In Boyd's "Convex Optimization" it defines the affine hull of a subset $C$ of $\mathbb R^n$ as

$$\text{aff} C = \left\{\theta_1 x_1 + \ldots +\theta_k x_k \mid x_1, \ldots x_k \in C, \theta_1 + \ldots \theta_k = 1 \right\}.$$ Then, it claims $\text{aff } U = \mathbb R^2$ if $U$ is the unit circle. Why is this? Isn't any arc (or convex subset of the circle) entirely contained in the circle? I would think $\text{aff } U = U$ if $U$ is the unit circle.

I guess I know your confusion. The point is that $\theta_i$ is not constrained to be greater than zero. So now you may understand why three non-collinear points will fill the whole $\Bbb R^2$.

To have an answer recorded as such, I'll add a few words. If $C$ contains the origin, then the affine hull is the same as linear span, since we can include $0$ with any coefficient we want. Also, translating $C$ by a vector translates its affine hull by the same vector. Thus, we can find the affine hull by moving the coordinate system so that the origin lies in $C$, and then taking the linear span. This shows at once that the affine hull of any three non-collinear points in the plane is the entire plane.

Take any point in $\mathbb R$. We can always draw a line through it which passes through two points in the circle. That means it lies on the same line that passes through those points on the unit circle.

That's the definition of Affine Hull. Please rectify me if I'm wrong.

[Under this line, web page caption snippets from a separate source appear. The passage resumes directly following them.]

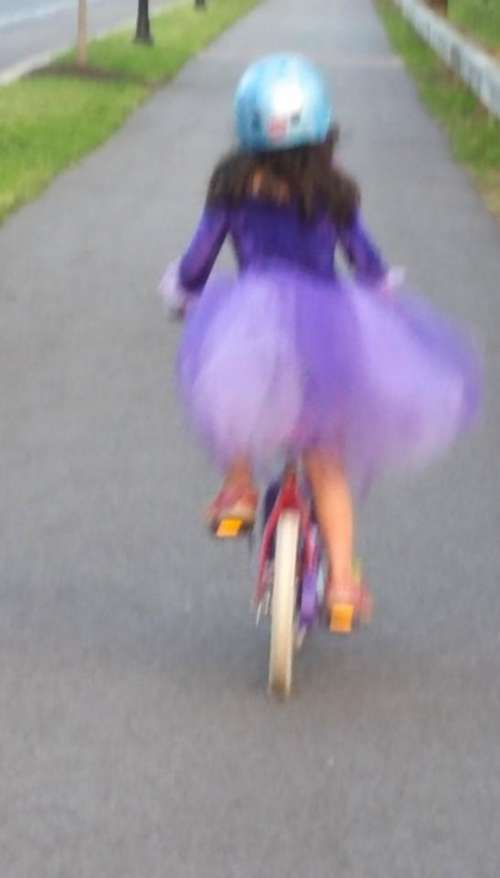 Little Girl Tutu Bicycle Girl on Bicycle Helmet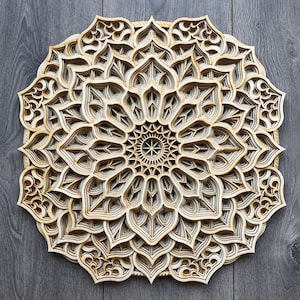 Multi Layer Raw Mandala Ethnic Wooden Wall Art - Indian Moroccan Style Laser Cut Artwork For Home Decors | Handmade Gift For Housewarming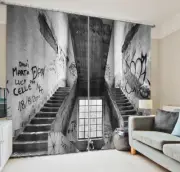 A Dilapidated Staircase 3D Curtain Blockout Photo Printing Curtains Drape Fabric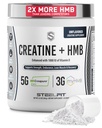 AceroFit Creatine HMB Powder - 5g Creapure Creatine Monohydrate Powder, 3g myHMB &amp; 1000 UI Vitamina D - Workout Suplemento Apoyos Crecimiento muscular, fuerza, recuperación &amp; energía - Desflavorado, 30 Servimientos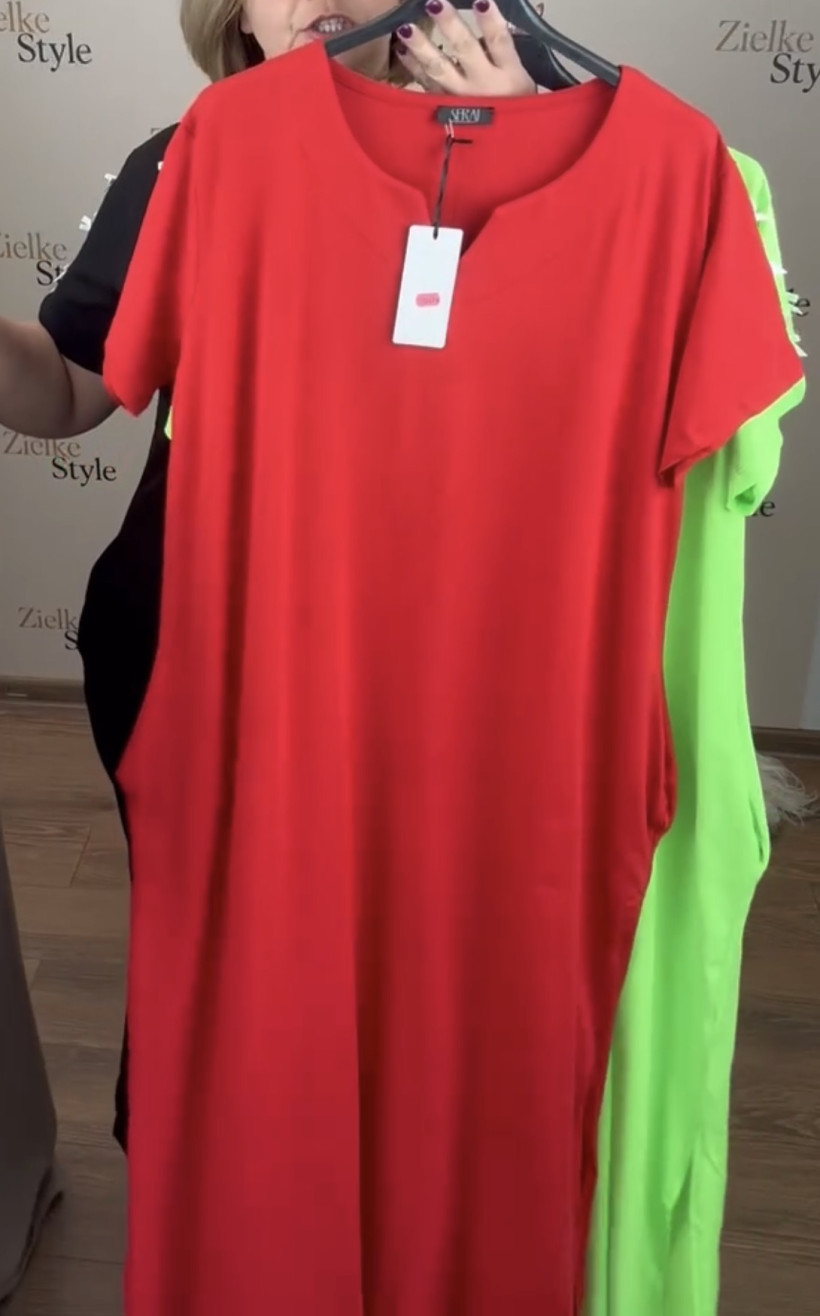 Sukienka maxi łezka przy dekoldzie, kokardki na rekawie, seraj - 3476 - czerwona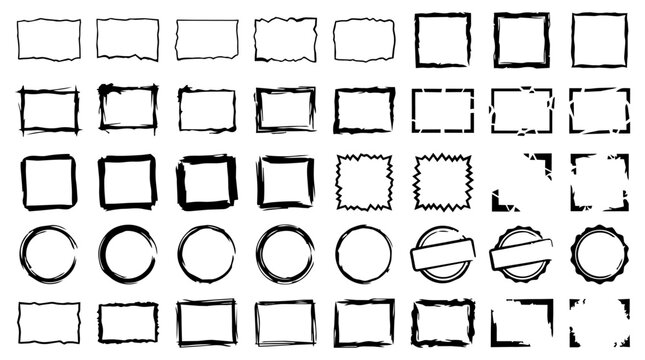 Grungy Rectangular Frames, Vintage Squares And Circular Borders, Rough Edges And Scribbled Lines Art, 60 Elements Hand Drawn Texture, Sketchy Background Embellishments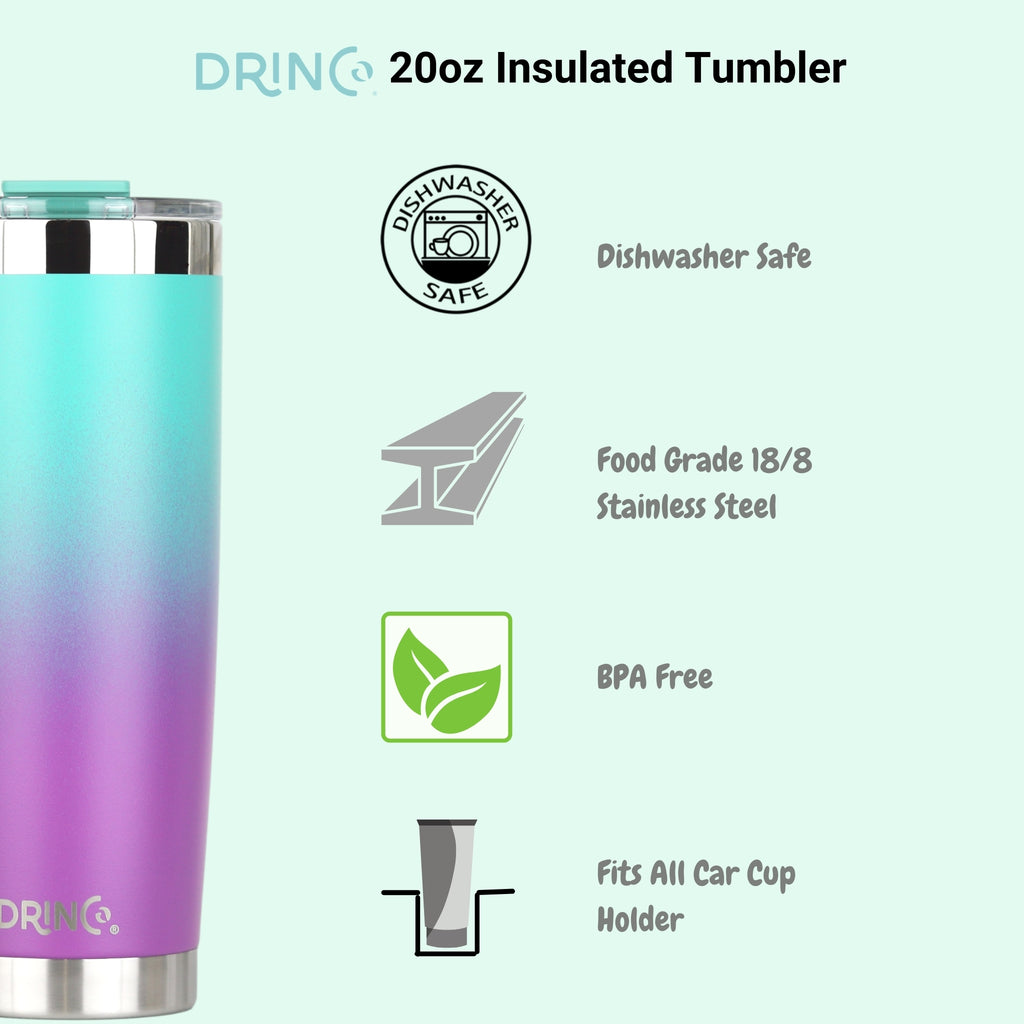 DRINCO® 20oz Insulated Tumbler Spill Proof Lid 2 Straws(Ombre Teal).
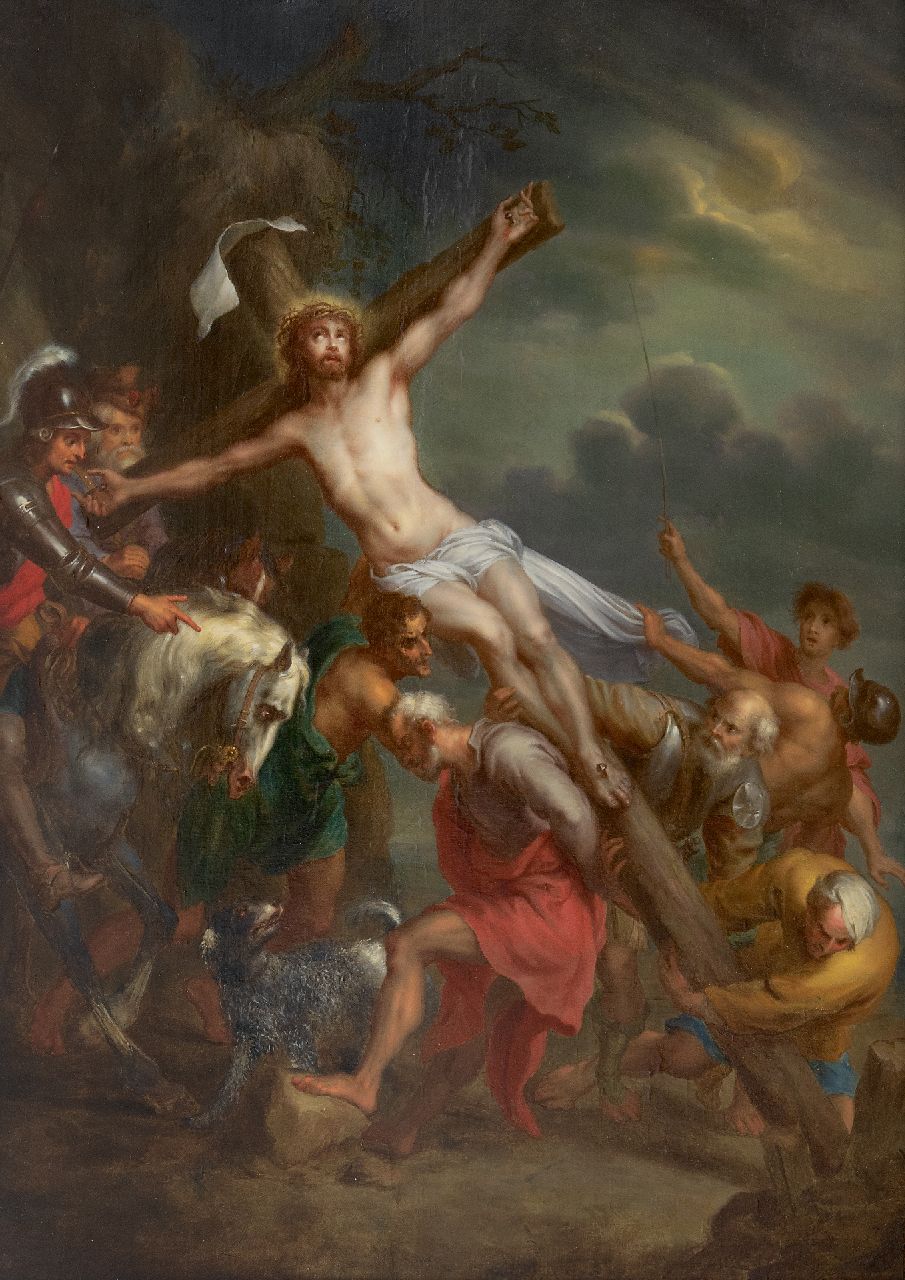 Belgische School, 19e eeuw   | Belgische School, 19e eeuw | Schilderijen te koop aangeboden | De kruisoprichting - Jesus Christus, olieverf op paneel 48,3 x 35,0 cm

The unit circle $U$ is the set of all points (x,y) such that $x^2 + y^2 = 1$. So, if we take the affine hull of $U$, we will generate $\mathbb{R}^2$ since there exists at least 3 non-collinear points in $U$.

In particular, all we need to look at is a three element subset of the unit circle where the three points do not all lie along a line in order to generate $\mathbb{R}^2$ as a set of affine combinations.

If you are still confused by my answer and LVK's answer, you may want to review the definition of dimension and affine combination.